## Exercise inputs
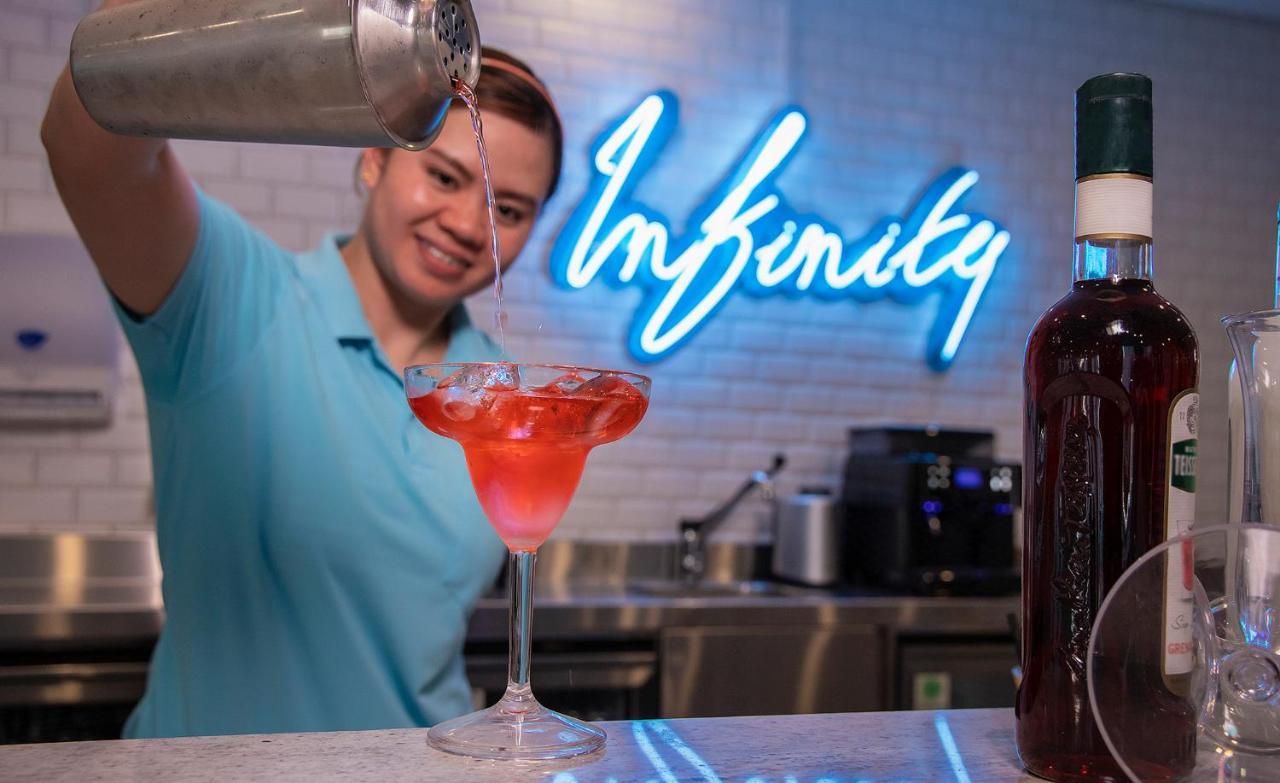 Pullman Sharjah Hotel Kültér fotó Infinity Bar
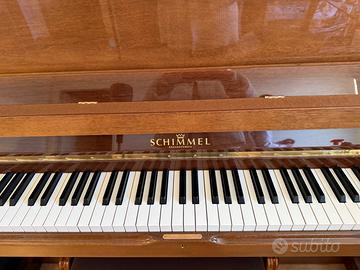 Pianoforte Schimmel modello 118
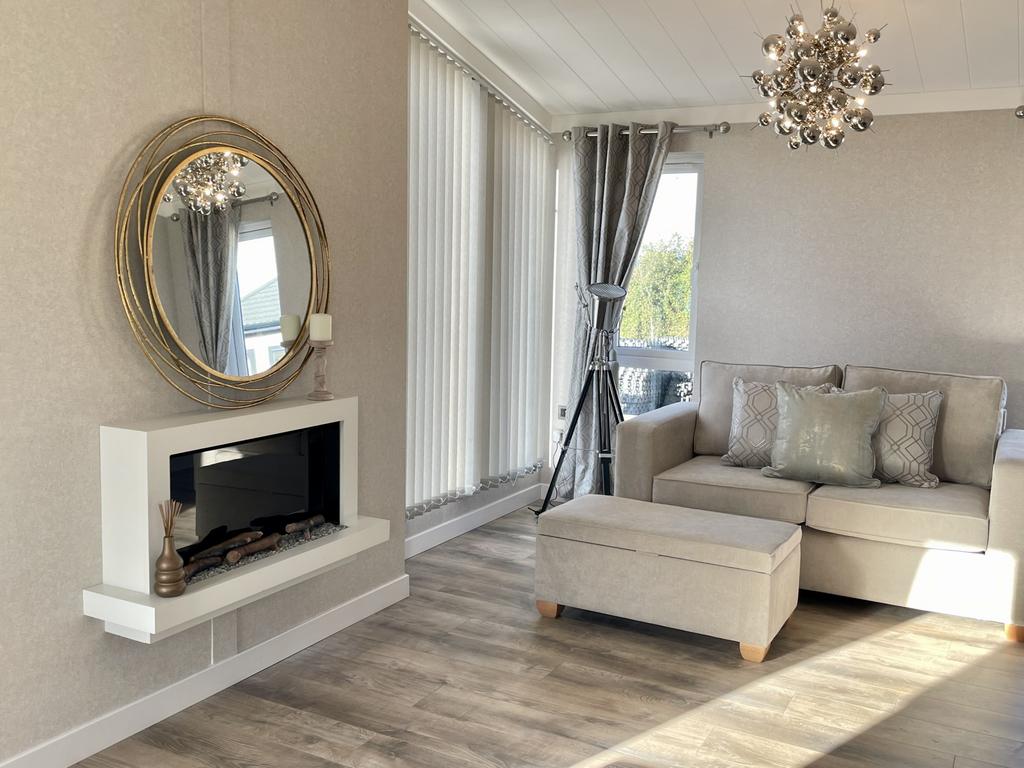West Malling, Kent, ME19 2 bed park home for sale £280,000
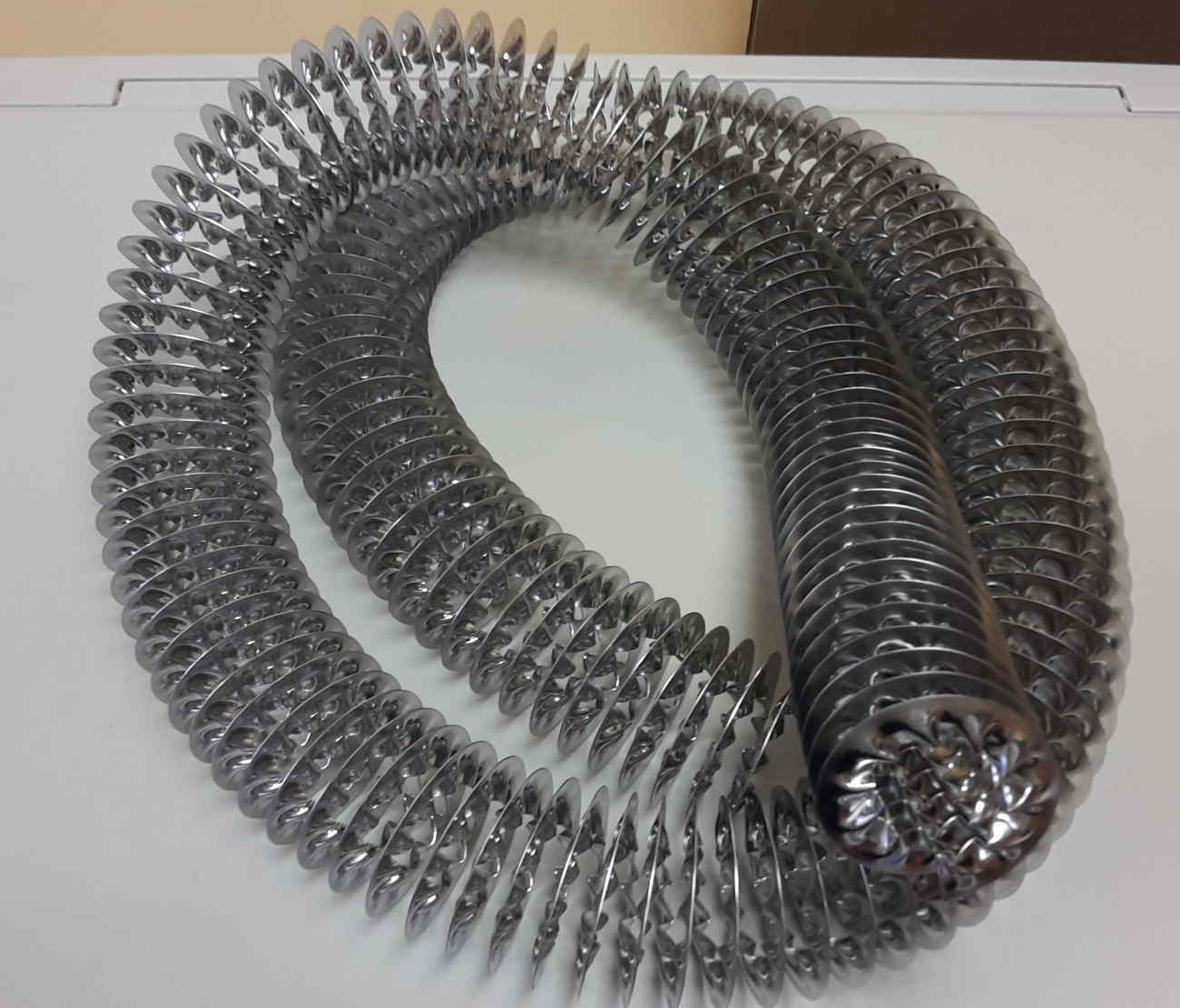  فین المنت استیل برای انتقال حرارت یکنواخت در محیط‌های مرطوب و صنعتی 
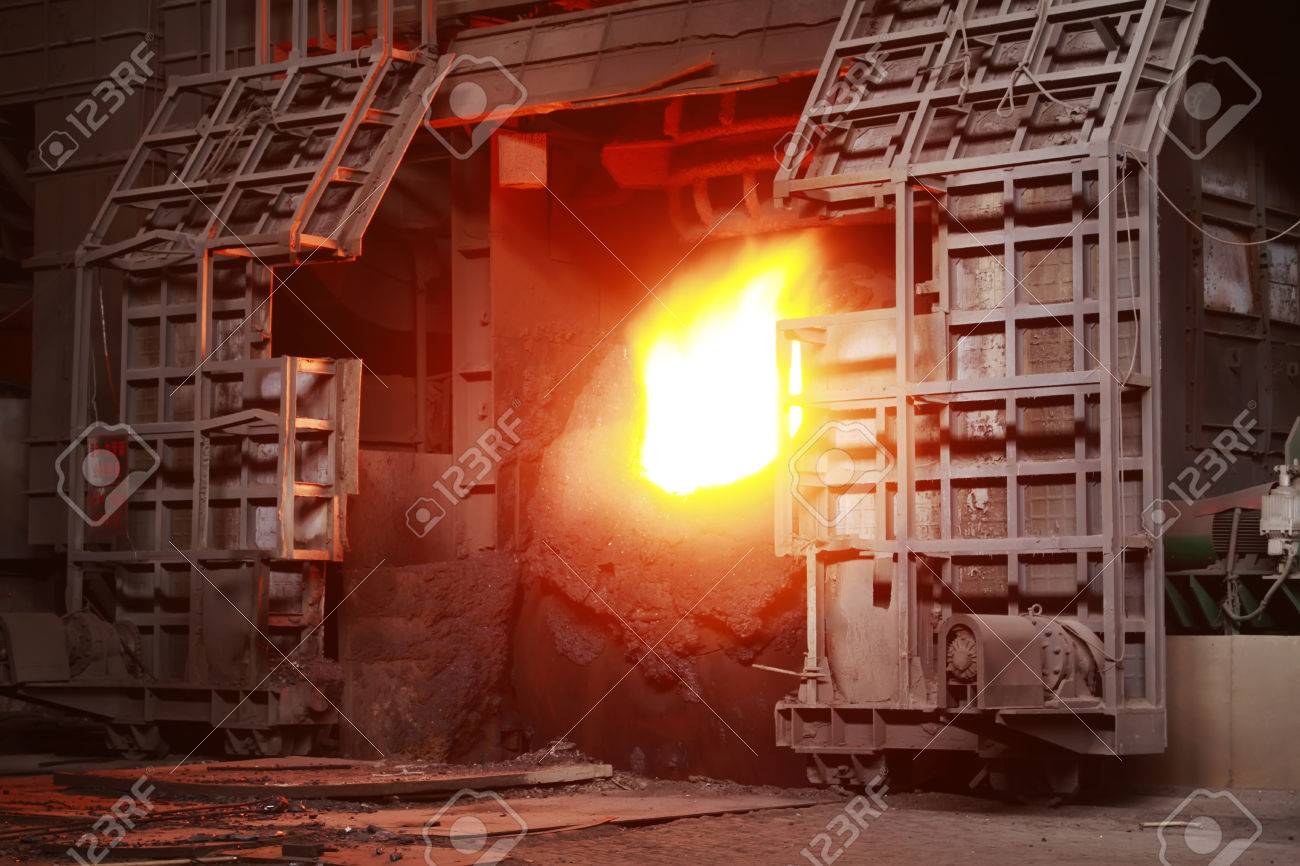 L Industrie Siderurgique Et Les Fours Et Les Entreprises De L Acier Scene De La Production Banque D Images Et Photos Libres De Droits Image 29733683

## Exercise
Each line from the line containing "فین المنت استیل" through the last line above must be written out exactly, and every picture must be omitted.

## Exercise output
  فین المنت استیل برای انتقال حرارت یکنواخت در محیط‌های مرطوب و صنعتی 
 L Industrie Siderurgique Et Les Fours Et Les Entreprises De L Acier Scene De La Production Banque D Images Et Photos Libres De Droits Image 29733683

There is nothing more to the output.